De stem van Celliers
In de zesde en laatste jaargang, op 5 maart 1921, staat in de “Suid-Afrikaanse Kroniek” een kort signalement met als titel “Jan Celliers Volksdigter”. Aanleiding voor de melding is volgens Toorts-chroniqueur PhR Botha een vileine uithaal naar Celliers’ poëzie in De Volksstem, het SAP-blad dat in Pretoria is uitgegeven en nog door de vader van de dichter in 1873 is opgericht. De reprimande aan het adres van Jan FE Celliers, schrijver van de geroemde bundels Die vlakte en ander gedigte (1908) en het kort tevoren verschenen Jopie Fourie en ander nuwe gedigte (1920), stoelt op de veronderstelling “dat Celliers Suidafrika in sy verbeelding ‘vol gemaak het met tiranne, dwingelande, beule en ander verskrikkelike indiwidue’”. De “volksdigter”, zoals Celliers meermaals in recensies en commentaren van De Toorts wordt aangeduid, repliceert als volgt:
U weet heel goed, net so goed as ek, wie ek met die tiranne en beule bedoel. Op elke bladsy van ons geskiedenis kom hul voor. Van Slagtersnek af tot die konsentrasiekampe en Jopie Fourie toe en ek is helemaal oortuig daarvan dat die beule en geweldenaars nies al ontsien om hulle “methods of barbarism” nogmaals toe te pas as hul dink dat dit nodig is. Dit wat betref u opmerking oor skavotte en galge wat alleen in bioskope en digbundels sou bestaan, of in die bespiegelings van my digterlike oordrywing. Ek is bly om te sien dat die sterke Afrikanersentiment en vryheidsgees nuwe voedsel en vuur put uit my digwerke. Dis die skoonste beloning wat ek ooit van my swakke pogings kan verwag het, en ek wens dat daar ’n tienmaal kragtiger digter as ek opstaan om die vuur onuitblusbaar te maak, as dit nie reeds so is nie, want dis die weg van eer en die weg van grootheid vir elke mens en elke volk.

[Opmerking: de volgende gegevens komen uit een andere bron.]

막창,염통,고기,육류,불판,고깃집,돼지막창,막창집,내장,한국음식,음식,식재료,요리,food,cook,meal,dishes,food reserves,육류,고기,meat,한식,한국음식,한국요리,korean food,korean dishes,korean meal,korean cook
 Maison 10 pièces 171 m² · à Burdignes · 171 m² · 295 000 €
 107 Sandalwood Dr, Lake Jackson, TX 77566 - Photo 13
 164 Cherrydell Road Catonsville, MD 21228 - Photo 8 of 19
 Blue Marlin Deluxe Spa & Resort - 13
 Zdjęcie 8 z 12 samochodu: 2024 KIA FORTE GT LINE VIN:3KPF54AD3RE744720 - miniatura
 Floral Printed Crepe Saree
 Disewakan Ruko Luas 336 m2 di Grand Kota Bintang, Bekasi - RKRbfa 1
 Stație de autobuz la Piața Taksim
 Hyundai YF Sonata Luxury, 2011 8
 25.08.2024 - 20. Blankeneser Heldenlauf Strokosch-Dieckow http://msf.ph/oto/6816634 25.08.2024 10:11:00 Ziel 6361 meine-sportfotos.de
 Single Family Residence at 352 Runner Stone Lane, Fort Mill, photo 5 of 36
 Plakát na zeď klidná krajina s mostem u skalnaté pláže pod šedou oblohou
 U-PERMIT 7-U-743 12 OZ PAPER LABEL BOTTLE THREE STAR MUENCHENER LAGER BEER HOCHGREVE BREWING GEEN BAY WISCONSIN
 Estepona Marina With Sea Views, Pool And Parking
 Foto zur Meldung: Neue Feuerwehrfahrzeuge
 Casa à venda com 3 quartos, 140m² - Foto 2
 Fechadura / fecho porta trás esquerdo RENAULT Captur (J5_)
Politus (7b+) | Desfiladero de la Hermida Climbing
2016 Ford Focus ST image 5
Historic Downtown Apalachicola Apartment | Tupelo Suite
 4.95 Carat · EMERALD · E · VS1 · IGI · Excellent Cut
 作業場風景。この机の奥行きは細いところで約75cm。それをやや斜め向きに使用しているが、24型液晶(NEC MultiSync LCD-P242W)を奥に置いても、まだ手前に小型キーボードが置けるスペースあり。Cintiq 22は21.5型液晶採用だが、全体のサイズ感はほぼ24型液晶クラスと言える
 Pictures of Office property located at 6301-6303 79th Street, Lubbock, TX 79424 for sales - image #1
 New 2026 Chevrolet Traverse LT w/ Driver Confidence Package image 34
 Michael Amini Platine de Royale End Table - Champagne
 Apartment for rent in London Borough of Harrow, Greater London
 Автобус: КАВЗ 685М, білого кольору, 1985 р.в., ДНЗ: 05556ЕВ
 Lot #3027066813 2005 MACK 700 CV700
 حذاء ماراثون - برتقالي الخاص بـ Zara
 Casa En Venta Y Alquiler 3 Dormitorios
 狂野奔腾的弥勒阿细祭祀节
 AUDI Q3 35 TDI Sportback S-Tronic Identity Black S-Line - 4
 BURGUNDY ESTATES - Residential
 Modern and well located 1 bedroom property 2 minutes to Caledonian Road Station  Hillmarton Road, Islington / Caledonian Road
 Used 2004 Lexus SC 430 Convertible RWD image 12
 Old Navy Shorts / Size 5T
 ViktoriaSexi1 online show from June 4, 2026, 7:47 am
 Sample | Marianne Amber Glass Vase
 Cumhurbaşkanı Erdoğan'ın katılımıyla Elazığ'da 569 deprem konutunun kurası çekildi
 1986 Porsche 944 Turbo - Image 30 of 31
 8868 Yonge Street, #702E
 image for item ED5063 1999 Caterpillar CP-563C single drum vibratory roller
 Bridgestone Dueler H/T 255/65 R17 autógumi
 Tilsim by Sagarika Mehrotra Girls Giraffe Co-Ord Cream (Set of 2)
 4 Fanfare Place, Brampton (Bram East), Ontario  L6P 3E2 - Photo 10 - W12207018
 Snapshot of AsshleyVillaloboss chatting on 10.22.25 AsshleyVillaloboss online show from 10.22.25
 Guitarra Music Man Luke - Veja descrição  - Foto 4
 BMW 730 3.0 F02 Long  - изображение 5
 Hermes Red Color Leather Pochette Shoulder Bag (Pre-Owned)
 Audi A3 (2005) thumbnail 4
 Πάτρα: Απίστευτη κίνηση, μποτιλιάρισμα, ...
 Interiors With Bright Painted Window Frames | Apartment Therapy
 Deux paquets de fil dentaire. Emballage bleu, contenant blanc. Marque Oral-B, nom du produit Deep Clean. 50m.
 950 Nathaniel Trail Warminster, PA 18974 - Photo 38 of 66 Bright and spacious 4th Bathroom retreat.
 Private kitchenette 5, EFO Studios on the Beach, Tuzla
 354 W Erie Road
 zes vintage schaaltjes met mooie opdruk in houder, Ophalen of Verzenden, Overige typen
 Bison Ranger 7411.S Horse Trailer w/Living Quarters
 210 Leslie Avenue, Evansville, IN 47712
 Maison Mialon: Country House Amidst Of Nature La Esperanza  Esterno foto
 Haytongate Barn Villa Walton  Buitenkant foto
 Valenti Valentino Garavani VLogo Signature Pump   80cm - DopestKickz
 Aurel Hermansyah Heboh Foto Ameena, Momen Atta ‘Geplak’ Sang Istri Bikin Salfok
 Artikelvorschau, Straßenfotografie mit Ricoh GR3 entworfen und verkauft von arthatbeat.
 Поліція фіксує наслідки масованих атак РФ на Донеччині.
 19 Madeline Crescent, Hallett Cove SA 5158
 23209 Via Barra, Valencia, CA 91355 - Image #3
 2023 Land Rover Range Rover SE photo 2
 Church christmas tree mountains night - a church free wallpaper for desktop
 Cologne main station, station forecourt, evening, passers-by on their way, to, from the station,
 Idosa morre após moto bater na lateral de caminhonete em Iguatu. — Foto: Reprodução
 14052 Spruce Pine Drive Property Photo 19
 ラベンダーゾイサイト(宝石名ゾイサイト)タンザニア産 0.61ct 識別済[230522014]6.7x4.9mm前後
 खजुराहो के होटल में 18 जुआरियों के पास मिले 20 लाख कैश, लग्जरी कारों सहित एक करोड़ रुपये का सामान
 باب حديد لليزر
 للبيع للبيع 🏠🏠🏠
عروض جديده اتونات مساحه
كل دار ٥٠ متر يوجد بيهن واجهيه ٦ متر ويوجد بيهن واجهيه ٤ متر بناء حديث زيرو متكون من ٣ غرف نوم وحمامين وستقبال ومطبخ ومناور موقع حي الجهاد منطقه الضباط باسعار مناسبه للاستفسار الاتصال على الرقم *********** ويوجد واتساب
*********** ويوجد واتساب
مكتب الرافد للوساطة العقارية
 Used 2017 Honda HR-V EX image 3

De Clercqs lezing van Jopie Fourie
De dichtbundel Jopie Fourie “bring weer eens hulde aan volksfigure, onder andere in die titelgedig, ‘Afskeid aan ’n moeder’, ’n gedig aan mevrouw Joubert, sowel as in ‘Generaal de Wet’ en ‘President Steyn’. Daarom verwys waarderende lesers dikwels na hierdie gedigte as ’n heldegalery” (Nico Snyman, in Perspektief & Profiel. ’n Afrikaanse literatuurgeskiedenis, deel 1, 1998: 336). Tot die waarderende lezers behoorde ook de Vlaming René de Clercq, die na de oorlog door het Belgische gerecht vanwege activistische sympathieën en lidmaatschap van de Raad van Vlaanderen (1917-1918) bij verstek ter dood is veroordeeld en tot zijn overlijden in 1932 in Nederland verbleef. In oktober 1920 publiceerde hij zijn boekbespreking onder de titel “Een nieuwe dichtbundel van Jan Celliers”. Zoals EC Pienaar in de anthologie Bloemlezing voor Groot-Nederland (1917), met teksten van vertegenwoordigers van de tweede Afrikaanse taalbeweging, en AD Keet in commentaren over Celliers’ poëzie in De Toorts en Dietsche Stemmen waren er Vlaamse naoorlogse activisten die in de woorden van Rafaël Verhulst de Afrikaanse dichters rekenden tot de “twijgen die bloeien op den Nederlandschen stam – Vlaamsch, Hollandsch, Zuid-Afrikaansch”. Diezelfde retoriek hanteert De Clercq. Eerst bezingt hij zijn liefde voor het “Zuid-Afrikaansch […] om het volk en zijn strijd, om de taal en haar schoonheid”: “Zuid-Afrikaansch vind ik een echte taal om in te schrijven en te dichten: kort, klaar, kernachtig tot het ruwe, zangerig tot het teedere toe, en gansch nieuw, gansch groen; nog niets verdord, nog niets door beschaving weggeschaafd”. Wie nog geen hinder ondervindt van de dorre beschaving, zo stelt De Clercq in het vervolg van zijn apologie, is “den grootsten levenden proza-ist van de Dietsche gewesten, den schrijver van ‘Ons Weg deur die Wereld’, CJ Langenhoven, een man van goede kracht, vol gezonde ouderwetsche en gezonde nieuwe denkbeelden, wiens eigenaardige bondige stijl herinnert aan het beste van Montaigne en La Bruyère”. Langenhoven is de grootste levende prozaschrijver in het Afrikaans, Celliers en Leipoldt zijn de toonaangevende dichters. En hoewel De Clercq Leipoldts poëzie hoog inschat, blijft Celliers “de eerste dichter van Zuid-Afrika: zelden groot, maar mooi, frisch, sierlijk en steeds zichzelf”.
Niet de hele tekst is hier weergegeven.